In 2019, 541 MSSP ACOs generated $1.19 billion in total net savings. This represents the program’s largest annual savings to date — and the third year in a row it has achieved net program savings. Overall, Pathways to Success ACOs saved ~37% more than legacy ACOs, generating net per beneficiary savings of $169 per beneficiary. However, both legacy and Pathways to Success ACOs achieved greater savings when taking downside risk, generating net per beneficiary savings of $152 per beneficiary, or ~30% more than those that took on no downside risk. In addition, ACOs with more experience continued to achieve greater savings, but new entrant ACOs achieved lower spending relative to their benchmarks in their first performance year for the first time.
How Benchmarks are Calculated
Every ACO’s benchmark is unique and determined by multiple factors, including historical expenditures and regional factors, as mentioned above, as well as patient population, which is measured via hierarchical condition category (HCC) codes. Before we dive into HCC coding, let’s first discuss how historical expenditures are calculated. Preceding the start of an ACO contract, benchmarks are established based on a risk-adjusted, weighted average of Medicare Parts A and B spending for attributed beneficiaries over a three-year period.
Historical baseline expenditure is calculated as follows:
- Most recent year = 60% weighted
- Second most recent year = 30% weighted
- Least recent year = 10% weighted
The historical baseline is combined with the regional cost adjustment, which is capped at a 5% increase or decrease of expenditures.
Turning HCCs into Risk Scores
To estimate future spending for a given population, CMS uses patient diagnosis history, which is mapped to HCC codes, to create a Risk Adjustment Factor (RAF) score. HCCs focus on chronic conditions that affect long-term health expenditures. They are referred to as hierarchical because some diseases have multiple codes that capture different levels of severity. For each disease, patients are assigned only the code corresponding to the most severe manifestation. Medical conditions must be documented and reestablished every year. Otherwise, they will not be incorporated into CMS’ annual risk score recalculations.
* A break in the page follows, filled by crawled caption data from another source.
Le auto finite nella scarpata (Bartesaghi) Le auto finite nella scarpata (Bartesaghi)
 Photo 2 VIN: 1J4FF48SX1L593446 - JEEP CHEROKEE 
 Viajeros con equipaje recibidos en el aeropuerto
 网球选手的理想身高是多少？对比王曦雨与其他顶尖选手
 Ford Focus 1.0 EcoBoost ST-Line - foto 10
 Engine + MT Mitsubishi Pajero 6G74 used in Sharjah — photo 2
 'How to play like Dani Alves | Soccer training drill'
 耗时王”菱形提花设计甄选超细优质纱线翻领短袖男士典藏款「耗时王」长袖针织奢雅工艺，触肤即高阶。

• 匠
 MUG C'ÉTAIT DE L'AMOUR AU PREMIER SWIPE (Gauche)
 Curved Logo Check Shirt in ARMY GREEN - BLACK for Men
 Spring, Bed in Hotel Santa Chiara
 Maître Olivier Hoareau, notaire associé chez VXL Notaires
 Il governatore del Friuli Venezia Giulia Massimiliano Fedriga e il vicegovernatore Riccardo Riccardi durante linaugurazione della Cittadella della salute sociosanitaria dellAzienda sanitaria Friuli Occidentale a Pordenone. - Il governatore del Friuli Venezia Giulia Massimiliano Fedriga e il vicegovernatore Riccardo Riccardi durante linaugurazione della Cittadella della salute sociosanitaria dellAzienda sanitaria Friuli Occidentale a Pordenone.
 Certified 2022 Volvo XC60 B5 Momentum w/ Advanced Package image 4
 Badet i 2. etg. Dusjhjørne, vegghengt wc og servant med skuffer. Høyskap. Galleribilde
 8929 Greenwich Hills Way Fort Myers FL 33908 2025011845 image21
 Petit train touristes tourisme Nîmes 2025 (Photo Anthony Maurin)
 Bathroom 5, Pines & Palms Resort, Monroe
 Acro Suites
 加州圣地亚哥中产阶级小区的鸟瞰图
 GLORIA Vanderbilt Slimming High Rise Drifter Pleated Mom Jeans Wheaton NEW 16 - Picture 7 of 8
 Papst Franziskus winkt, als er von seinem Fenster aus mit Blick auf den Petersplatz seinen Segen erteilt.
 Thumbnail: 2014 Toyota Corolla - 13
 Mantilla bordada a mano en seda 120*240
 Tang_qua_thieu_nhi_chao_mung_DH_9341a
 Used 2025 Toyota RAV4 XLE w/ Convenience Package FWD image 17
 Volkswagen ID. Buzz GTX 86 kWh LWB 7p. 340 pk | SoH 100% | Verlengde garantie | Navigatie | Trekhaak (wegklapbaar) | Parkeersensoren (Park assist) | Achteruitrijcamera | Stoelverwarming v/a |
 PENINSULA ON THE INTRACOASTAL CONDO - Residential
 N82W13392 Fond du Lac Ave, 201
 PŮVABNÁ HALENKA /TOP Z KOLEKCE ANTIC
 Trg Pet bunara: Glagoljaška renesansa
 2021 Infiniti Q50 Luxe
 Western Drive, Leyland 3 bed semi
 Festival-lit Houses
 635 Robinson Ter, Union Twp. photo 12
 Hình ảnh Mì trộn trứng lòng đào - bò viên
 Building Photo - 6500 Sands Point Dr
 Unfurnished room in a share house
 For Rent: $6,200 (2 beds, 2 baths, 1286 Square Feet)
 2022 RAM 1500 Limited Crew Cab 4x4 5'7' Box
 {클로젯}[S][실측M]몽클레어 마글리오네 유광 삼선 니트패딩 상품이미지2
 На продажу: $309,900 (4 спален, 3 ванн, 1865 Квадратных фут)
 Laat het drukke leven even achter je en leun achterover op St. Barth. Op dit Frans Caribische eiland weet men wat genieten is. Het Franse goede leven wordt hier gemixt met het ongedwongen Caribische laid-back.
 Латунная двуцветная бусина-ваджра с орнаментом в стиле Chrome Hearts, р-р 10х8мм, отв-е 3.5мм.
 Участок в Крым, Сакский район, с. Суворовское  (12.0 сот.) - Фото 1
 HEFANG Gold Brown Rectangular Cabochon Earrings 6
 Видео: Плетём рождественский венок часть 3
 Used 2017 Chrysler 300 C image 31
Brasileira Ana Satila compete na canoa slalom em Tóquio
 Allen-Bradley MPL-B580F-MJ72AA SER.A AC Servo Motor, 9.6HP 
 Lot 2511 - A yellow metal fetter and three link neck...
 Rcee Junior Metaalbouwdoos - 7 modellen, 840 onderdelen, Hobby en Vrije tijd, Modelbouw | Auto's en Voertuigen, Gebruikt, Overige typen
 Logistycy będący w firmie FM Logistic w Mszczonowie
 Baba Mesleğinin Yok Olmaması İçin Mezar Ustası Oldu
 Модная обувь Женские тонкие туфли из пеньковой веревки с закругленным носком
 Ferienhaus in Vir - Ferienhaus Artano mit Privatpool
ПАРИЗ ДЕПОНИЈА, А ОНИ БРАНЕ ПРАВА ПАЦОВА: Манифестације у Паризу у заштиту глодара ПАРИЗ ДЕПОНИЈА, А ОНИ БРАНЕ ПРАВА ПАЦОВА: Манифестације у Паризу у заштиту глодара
For example, take a newly attributed 67-year-old female who has diabetes without complications, or HCC 19. In year one, she develops a diabetic mono-neuropathy, which her provider documents via HCC 18: diabetes with chronic complications. In year two, however, her provider inaccurately documents HCC 19 rather than HCC 18. As a result, her year-two risk score will not reflect the increase in predicted expenditure associated with the increase in disease severity. Not only could a mistake like this result in reduced reimbursement, it may ultimately prevent the ACO from meeting its benchmark.
Risk Adjustment for ACOs
Medicare Advantage plans have been in the market twice as long as ACOs and are therefore more attuned to the implications of risk adjustment to their success. When the MSSP program was first starting out, ACOs were not as focused on risk adjustment. However, this has changed in recent years as CMS has updated its benchmarking policy, such as with Pathways to Success, which capped overall risk score increases at 3%. With this cap, documentation and coding may be the difference between shared savings and losses for many ACOs.
Risk adjustment has also become increasingly important as more and more ACOs are forced to assume downside risk while continuing to battle the pandemic. This is a tall order for any organization to navigate, but ACOs do not have to do it alone. Leveraging a partner to help identify missing HCCs, close gaps, and better manage care for patients — both retrospectively and prospectively — will be key. A comprehensive risk-adjustment program should include gap letters, patient outreach and scheduling, provider education, and concurrent review and retrospective programs. All of these initiatives should be powered by strong analytics to understand the prevalence of HCCs and opportunities to code better.